When I first introduced the two of them, they hit it off immediately. Now you would think I was the girlfriend, and he was his real father. Sincere loved him and knowing he loved my baby the way he does further confirms he’s the person I’m supposed to be with.

“You won’t ever have to worry about finding out because I plan to be here for a lifetime. I told you in the beginning, I’m never letting you go. One of these days, the two of you will be rocking my last name on jerseys and on paper. You won’t ever have to question my love for you or him. I’m here for the long haul, baby. Ain’t no getting rid of me.”

“I wouldn’t dream of it.”

***

“Every time I think you can’t get any finer to me, here you go proving me wrong.” Onyx complimented me as we stood in front of the bathroom mirror. We were headed to Law’s welcome home/birthday party. I initially declined to go because they were Freedom’s family, but the ladies cussed me out before inviting Onyx and me. All the ladies were coming with their men, and I anticipated us having a good time. Mrs. Faith came and kidnapped her grandson this afternoon letting me know she wouldn’t be attending the party because she was the babysitter for the evening. The gratitude in my heart for her was in abundance.

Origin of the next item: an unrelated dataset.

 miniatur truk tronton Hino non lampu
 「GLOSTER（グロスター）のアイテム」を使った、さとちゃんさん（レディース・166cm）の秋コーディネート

Ever since my talk with the ladies, I decided to put my pride aside and take advantage of my village. For some reason, I thought they wouldn’t want to help me since I was no longer with Freedom, but the whole family showed up for me in a major way.

Between her, River, Yaya, and his uncles: O2 and Oh’Shun, I barely got to see my son on the weekends. His little butt couldn’t get enough of all of the love in his life. I’d never be able to repay them for all they’ve done for me. Sincere’s room was filled to capacity from them constantly buying clothes for him. With Christmas only being two months away, I knew I’d need to make room for more stuff.

“Thank you, baby. You’re looking fine as always.” I stood there admiring the two of us together.

These last four months have been a dream. In the beginning, I thought we were going to be having fun. Nothing too serious, no strings attached. My pre-conceived judgment of dating an athlete caused me to enter into this with my guard up. However, this man was not going for any of that. When he promised he’d take care of my heart, he meant it.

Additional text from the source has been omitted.